Good Bye Lenin! (2003) (R)
"Good Bye Lenin!" though oddly humorous and filled with references that the Western—no pun intended—mind cannot comprehend without a deep history of Germany, is a deeply touching movie.
If you know me, you know that I'm a sentimental fool, I tear up when watching the Discovery channel—it happens to the best of us. This means that "Good Bye Lenin!" is the kind of movie that's targeted right at me.
Though the movie's beginning is charming and well-constructed (it's impossible to avoid what Tarantino and the digital age did for film, exemplified best here) feels like it's thrusting you from one situation into the other. If you like being pushed around that's fine, if you don't it may come across a little forceful. But not long into the movie there's a deep silence and a slight pause...this is where the movie turns and it is great after this moment.
Alex and Ariane are siblings in East Germany. They have a father who is a cosmonaut and is working with the Westerners, traveling to space. Naturally his allegiances are tested, Alex and Ariane's mother is bombarded with questions and accusations.

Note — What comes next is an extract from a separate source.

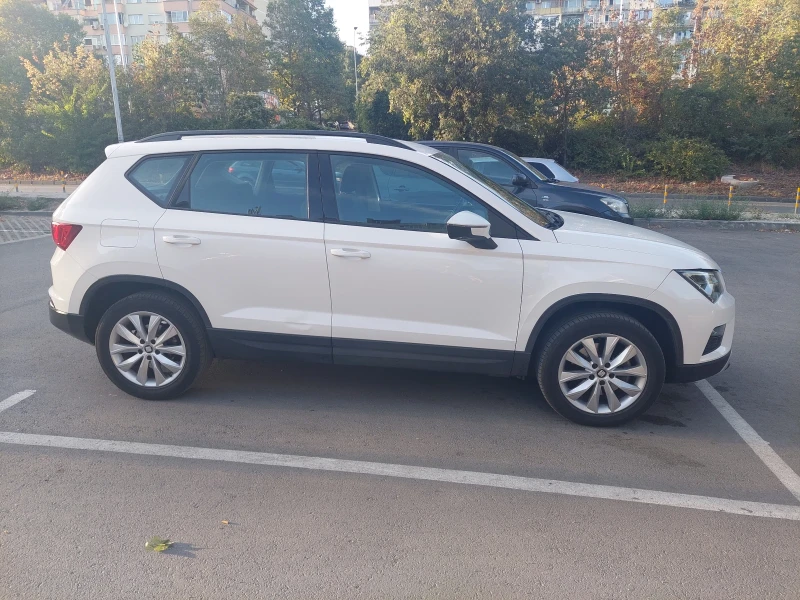 Seat Ateca Seat ateca 4x4 , снимка 7 - Автомобили и джипове - 47647089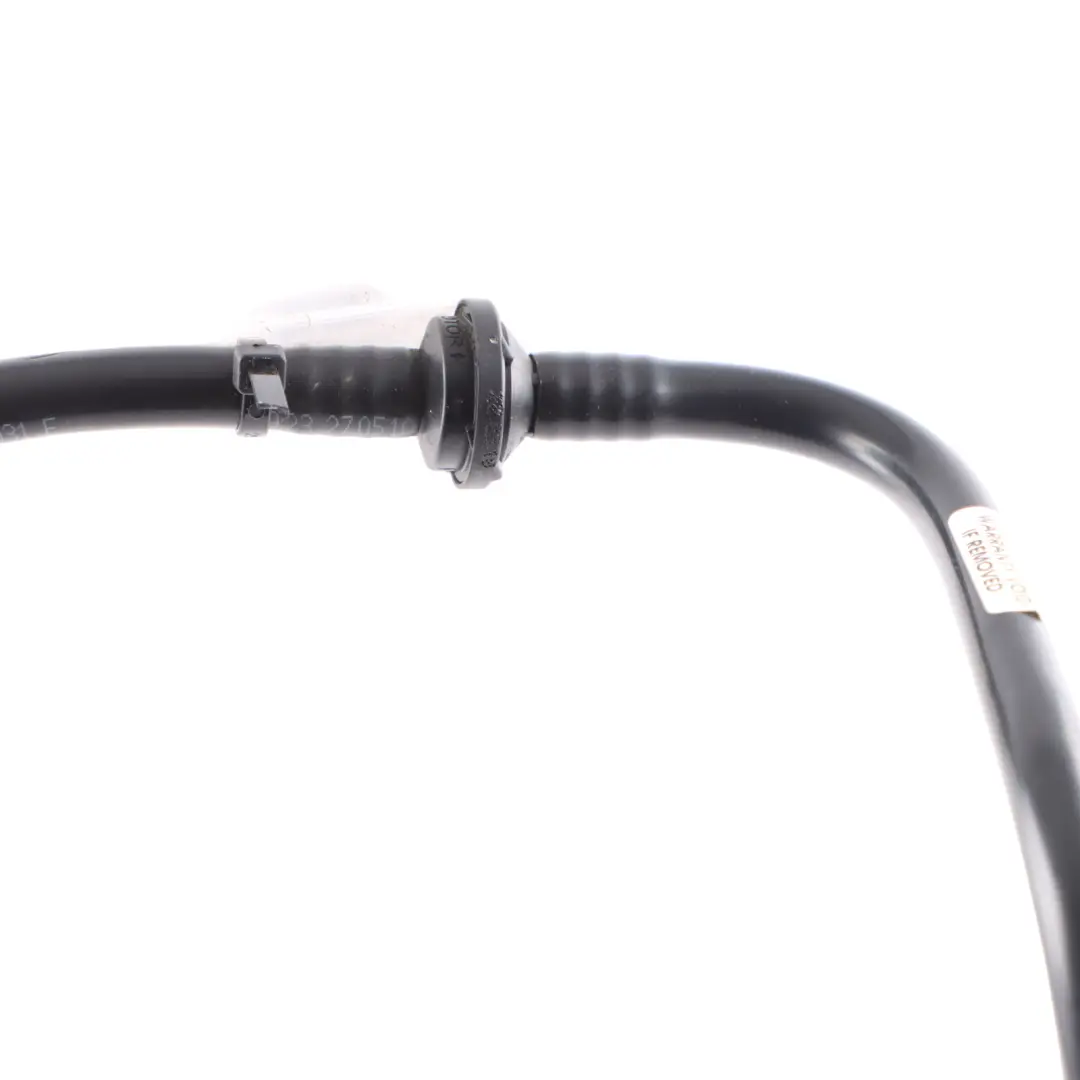 Brake Servo Vacuum Hose Pipe Line to Volkswagen Transporter T5 2.0 TDI with Part number 7E2611931F Volkswagen Transporter T5 2.0 TDI Brake Servo Vacuum Hose Pipe Line - SKU 7E2611931F - Part number 7E2611931F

But their father never comes home...he finds that the Western women are easy to sleep with and their mother slips into a depression, not speaking to them for eight weeks.
After her mourning period—a state of shock would be more apropos—their mother returns and their life can begin again.
Alex (Daniel Brühl) narrates our story and it's his opinion on everything that we receive. Most movies would like to convince you that their narrator has no opinion, or at least, if he does, he's right. The narrator is a moral being, one that the audience can easily identify with—no so with "Good Bye Lenin!". To our minds, to our sight, to our ears, Alex is a socialist; but one that's very easy to like...and hey, who doesn't love Daniel Brühl?
Alex hypothesizes that the lack of sex in his mother's life gives her extra energy which she expends on being a good Eastern German. She receives awards for how wonderfully loyal she is and she sees herself as a helper to the people.
But Alex isn't satisfied with the socialism of the state and he feels his ideals shifted West.
Ten years after their mother recovered from her depression, the kids have grown up and Alex is right smack-dab in the middle of raging adolescence...bless his heart.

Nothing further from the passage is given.